- **Required action**
All that is wanted is a word-for-word copy of the data from its first line to the line containing "θυσία η Λίβερπουλ", both included.

- **Available data**
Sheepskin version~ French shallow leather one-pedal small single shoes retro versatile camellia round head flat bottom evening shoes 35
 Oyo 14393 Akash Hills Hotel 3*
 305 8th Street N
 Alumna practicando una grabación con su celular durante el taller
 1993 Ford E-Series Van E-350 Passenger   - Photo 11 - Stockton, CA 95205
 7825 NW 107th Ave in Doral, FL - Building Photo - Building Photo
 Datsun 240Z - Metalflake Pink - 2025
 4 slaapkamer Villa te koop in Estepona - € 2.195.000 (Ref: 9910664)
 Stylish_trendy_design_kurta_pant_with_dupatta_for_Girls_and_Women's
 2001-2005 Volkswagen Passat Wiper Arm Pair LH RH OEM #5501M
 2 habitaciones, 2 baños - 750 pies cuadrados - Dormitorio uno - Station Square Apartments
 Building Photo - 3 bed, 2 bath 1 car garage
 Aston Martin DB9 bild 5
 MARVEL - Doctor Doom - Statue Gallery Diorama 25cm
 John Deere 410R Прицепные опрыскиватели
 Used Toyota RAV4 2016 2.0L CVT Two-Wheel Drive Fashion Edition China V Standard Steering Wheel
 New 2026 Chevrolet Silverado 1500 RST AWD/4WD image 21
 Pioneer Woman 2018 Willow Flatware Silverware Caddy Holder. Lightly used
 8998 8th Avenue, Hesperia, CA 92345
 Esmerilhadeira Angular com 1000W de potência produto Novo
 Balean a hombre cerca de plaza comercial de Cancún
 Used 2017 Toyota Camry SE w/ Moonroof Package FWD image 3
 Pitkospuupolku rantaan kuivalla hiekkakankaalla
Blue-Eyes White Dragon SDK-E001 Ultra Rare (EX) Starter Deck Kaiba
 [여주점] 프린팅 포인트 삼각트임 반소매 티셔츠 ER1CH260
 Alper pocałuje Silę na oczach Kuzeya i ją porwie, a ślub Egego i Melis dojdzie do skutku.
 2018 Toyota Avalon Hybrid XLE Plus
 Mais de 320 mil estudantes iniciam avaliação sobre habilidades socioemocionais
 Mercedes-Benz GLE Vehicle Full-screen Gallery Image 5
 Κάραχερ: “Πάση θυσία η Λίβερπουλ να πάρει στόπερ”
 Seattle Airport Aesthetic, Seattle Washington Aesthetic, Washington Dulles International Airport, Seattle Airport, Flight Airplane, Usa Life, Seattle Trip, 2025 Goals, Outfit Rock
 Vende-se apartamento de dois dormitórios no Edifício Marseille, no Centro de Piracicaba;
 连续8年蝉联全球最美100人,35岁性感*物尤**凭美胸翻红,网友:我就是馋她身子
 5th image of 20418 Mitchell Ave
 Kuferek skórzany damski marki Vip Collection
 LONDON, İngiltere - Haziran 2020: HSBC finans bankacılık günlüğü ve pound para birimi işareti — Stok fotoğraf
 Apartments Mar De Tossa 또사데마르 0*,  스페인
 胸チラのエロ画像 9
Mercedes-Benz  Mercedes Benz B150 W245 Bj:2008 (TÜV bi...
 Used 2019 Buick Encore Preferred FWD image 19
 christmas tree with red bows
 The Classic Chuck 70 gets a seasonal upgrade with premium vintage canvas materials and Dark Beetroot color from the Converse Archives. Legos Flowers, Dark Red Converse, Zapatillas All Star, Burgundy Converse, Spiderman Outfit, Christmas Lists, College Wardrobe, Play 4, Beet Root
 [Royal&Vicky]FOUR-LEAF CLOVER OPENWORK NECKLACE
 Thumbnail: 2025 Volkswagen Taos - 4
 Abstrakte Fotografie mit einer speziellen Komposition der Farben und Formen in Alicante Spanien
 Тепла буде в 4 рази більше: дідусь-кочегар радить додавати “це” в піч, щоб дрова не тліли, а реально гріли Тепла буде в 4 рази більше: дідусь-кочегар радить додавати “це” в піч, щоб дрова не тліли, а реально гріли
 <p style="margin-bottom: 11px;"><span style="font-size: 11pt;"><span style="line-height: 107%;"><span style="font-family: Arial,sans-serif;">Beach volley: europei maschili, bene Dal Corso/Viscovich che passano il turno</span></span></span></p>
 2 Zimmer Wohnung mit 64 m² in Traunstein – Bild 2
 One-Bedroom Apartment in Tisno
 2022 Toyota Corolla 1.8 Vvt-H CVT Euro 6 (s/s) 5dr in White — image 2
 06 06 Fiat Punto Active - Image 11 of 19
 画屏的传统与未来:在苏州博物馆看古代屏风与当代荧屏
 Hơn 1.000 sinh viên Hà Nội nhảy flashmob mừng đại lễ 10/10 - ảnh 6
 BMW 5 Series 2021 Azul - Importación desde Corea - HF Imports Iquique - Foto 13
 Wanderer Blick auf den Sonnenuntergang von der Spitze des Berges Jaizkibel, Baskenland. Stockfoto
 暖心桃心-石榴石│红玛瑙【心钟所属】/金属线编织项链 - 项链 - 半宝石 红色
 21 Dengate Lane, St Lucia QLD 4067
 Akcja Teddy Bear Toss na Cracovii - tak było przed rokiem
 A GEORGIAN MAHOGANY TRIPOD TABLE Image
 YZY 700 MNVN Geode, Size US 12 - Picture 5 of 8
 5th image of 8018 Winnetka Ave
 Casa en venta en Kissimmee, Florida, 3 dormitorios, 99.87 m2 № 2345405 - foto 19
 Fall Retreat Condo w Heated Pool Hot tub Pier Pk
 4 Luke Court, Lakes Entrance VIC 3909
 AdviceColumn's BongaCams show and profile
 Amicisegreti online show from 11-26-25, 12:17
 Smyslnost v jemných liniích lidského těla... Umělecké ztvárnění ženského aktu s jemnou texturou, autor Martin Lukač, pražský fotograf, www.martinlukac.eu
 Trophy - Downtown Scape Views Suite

- **Answer section**
Sheepskin version~ French shallow leather one-pedal small single shoes retro versatile camellia round head flat bottom evening shoes 35
 Oyo 14393 Akash Hills Hotel 3*
 305 8th Street N
 Alumna practicando una grabación con su celular durante el taller
 1993 Ford E-Series Van E-350 Passenger   - Photo 11 - Stockton, CA 95205
 7825 NW 107th Ave in Doral, FL - Building Photo - Building Photo
 Datsun 240Z - Metalflake Pink - 2025
 4 slaapkamer Villa te koop in Estepona - € 2.195.000 (Ref: 9910664)
 Stylish_trendy_design_kurta_pant_with_dupatta_for_Girls_and_Women's
 2001-2005 Volkswagen Passat Wiper Arm Pair LH RH OEM #5501M
 2 habitaciones, 2 baños - 750 pies cuadrados - Dormitorio uno - Station Square Apartments
 Building Photo - 3 bed, 2 bath 1 car garage
 Aston Martin DB9 bild 5
 MARVEL - Doctor Doom - Statue Gallery Diorama 25cm
 John Deere 410R Прицепные опрыскиватели
 Used Toyota RAV4 2016 2.0L CVT Two-Wheel Drive Fashion Edition China V Standard Steering Wheel
 New 2026 Chevrolet Silverado 1500 RST AWD/4WD image 21
 Pioneer Woman 2018 Willow Flatware Silverware Caddy Holder. Lightly used
 8998 8th Avenue, Hesperia, CA 92345
 Esmerilhadeira Angular com 1000W de potência produto Novo
 Balean a hombre cerca de plaza comercial de Cancún
 Used 2017 Toyota Camry SE w/ Moonroof Package FWD image 3
 Pitkospuupolku rantaan kuivalla hiekkakankaalla
Blue-Eyes White Dragon SDK-E001 Ultra Rare (EX) Starter Deck Kaiba
 [여주점] 프린팅 포인트 삼각트임 반소매 티셔츠 ER1CH260
 Alper pocałuje Silę na oczach Kuzeya i ją porwie, a ślub Egego i Melis dojdzie do skutku.
 2018 Toyota Avalon Hybrid XLE Plus
 Mais de 320 mil estudantes iniciam avaliação sobre habilidades socioemocionais
 Mercedes-Benz GLE Vehicle Full-screen Gallery Image 5
 Κάραχερ: “Πάση θυσία η Λίβερπουλ να πάρει στόπερ”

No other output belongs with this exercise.